For the moment, we have to decide which type of data must be observed and, specifically,
which phrases and terms are potential subjects for a systematic study of translation.
Until now, our
approach has been based on the empirically verified postulate that the corpus texts used
for examining data represent well-formed and subsequent phrases respecting specific
constraints, therefore allowing us to distinguish a discourse construction from an
anarchic set of phrases lacking coherence and consistency.
This starting
point is important because it puts a great deal of emphasis, in the observation and
analysis, on the significance of textual linguistics in comparison with theoretical and
general linguistics. This means that we are pursuing several objectives: first,
recognizing a text from a series of phrases with no logical or semantic link between them,
secondly, tagging the content of the text from a typological point of view (technical,
journalistic, etc.) and finally, classifying the information extracted according to a
previously defined protocol and linguistic criteria.
To achieve these
objectives, not only must an observation methodology be adopted but results should also be
expressed in appropriate language. Therefore, in a text, we must learn to observe, on the
one hand, phrases according to the three levels of analysis (morphological, semantic,
syntactic) and, on the other, relationships between phrases according to the discourse
type (argumentative model or textual anaphora).
Once the
methodology has been adopted, some work hypotheses can be made while referring to three
main axes: firstly, the type of formalism used, secondly, the linguistic extension or
portability[3]
and finally the aim or objectives of the analysis.
Concerning the first axis, the choice was made to
make the results more explicit while setting up hypotheses in a form which could be
computerized, i.e. likely to be represented by an algorithm and read by a machine.
This is the peculiarity of formalization[4]
that we wanted to be specific to the constraints of the translation process.
In this respect,
there are two ways of formalizing linguistic data: one is totally independent
from the computerized tool which processes data afterwards and uses explicit instructions
in the form of standard rules; the other is based on the formal possibilities of
machine-readable algorithms to represent the linguistic information. However, both ways
are often so complementary that we should start with the first way before tackling the
second. In both cases, machine-readable linguistic formalisms are obtained at the end of
the procedure.
Concerning the
second axis, we decided to choose, as a starting point, a source text (ST) and, as a
finishing point, a target text (TT) in order to examine, in a contrastive way, their
interactions through a range of structures of varying complexity which needed to be
described and extracted.
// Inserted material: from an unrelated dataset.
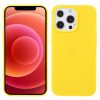 iPhone 13 Pro 6.1' Szilikon Tok Matt SummerColor Sárga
Once the structure is applied to the ST, in accordance with a
specific protocol, it is simply searched for and validated in the TT. Hence, this is a
source-oriented point of view of the linguistic extension.
It should be
mentioned at this point that translation studies distinguish two points of view in the
practice and analysis of translations: the source-oriented point of view which
favors the specificities and requirements peculiar to the source text (faithfulness,
literality) and the target-oriented point of view which favors the target text
(rewording, adaptation).
Concerning the
third axis (the aim of the analysis), it should be noted that we already have the
inputs and the outputs, i.e. we already know the results of
the operation before even starting the formalization and implementation of the program
because we are working on text corpora which have previously been translated and
synchronized. The goal of this application is to show that the program runs in accordance
with given specifications. In other words, the program implementation is mainly a
validating procedure for the observation results[5].
In the light of
these elements, it ought to be mentioned that in the field of machine translation (MT),
the issue of linguistic extension is essential and requires that we dwell upon
it. It can be stated as such: in a linguistic A system, the information associated with a
subgroup of translation units (sentences and expressions) shows a certain regularity and
coherence likely to be systematized and computerized. The question is to know whether the
properties of the A system, while maintaining the same underlying coherence, can be
extended to a B system in such a way that the source units of translation have adequate
equivalents in the target language. If this is possible and the modifications to be
introduced do not affect the internal coherence of the B system, we may then say that the
A system and its subgroup of units are linguistically extensible, meaning that they are
transferable by a computerized translation.
Let us take an
example likely to be described adequately by a grammar in spite of its complexity and
semantic ambiguity. The sentence The Minister of Education met his Interior
counterpart can easily be translated by a human in any language. However, to be
translated by a machine, its linguistic properties must be extensible to the system which
will receive it. In this particular case, for example, the the possessive
phrase (the genitive construction in Arabic) should be transferable and the ellipsis
in the recurrent phrases (the minister of something) should be acceptable in both cases
without major modifications. Moreover, the issue of predication poses thorny
problems concerning portability in two different linguistic systems like
English and Arabic.
To avoid making
problems of correspondence between languages insurmountable, very detailed linguistic
indications must be provided to reach the next level of formalization as a prelude to
computerization. A machine-readable system of equivalences is thus a set of linguistic
formulae in which every formula specifies at least one pair of phrases (see the holistic
perspective of translation).
As an example,
let us take a set of expressions (SES) in a source text (TEX) so that every expression
(EXP) can be associated with one or several indications (IND) similar for all expressions
(EXP) of the set (SES) in the text (TEX). This gives the following formula: SES = {IND,
EXP,TEX}.
On the basis of
this formula, an equivalent formula, valid for the target text, can be obtained: SES1 =
{IND1, EXP1, TEX1}. This formula is justified with regard to a set of expressions with
relevant linguistic features in common in the target text without necessarily being
equivalent to those of the source text on the structural level. There is no systematic
projection of the properties of one system onto another. If there is projection, it must
inevitably be done in accordance with a grammatical principle whose formulation is subject
to the calculation (formal or algorithmic) which underlies all expressions in the text. In
this way, a linguistic property can or cannot be projected, in the same way as a system
can or cannot be portable, regarding the possibility or not of translating sequences from
one language to another.
By adopting this
formalist point of view in translation, explicit criteria for the comparison
of texts are laid down, each dissected and expressed in the form of adequate equations.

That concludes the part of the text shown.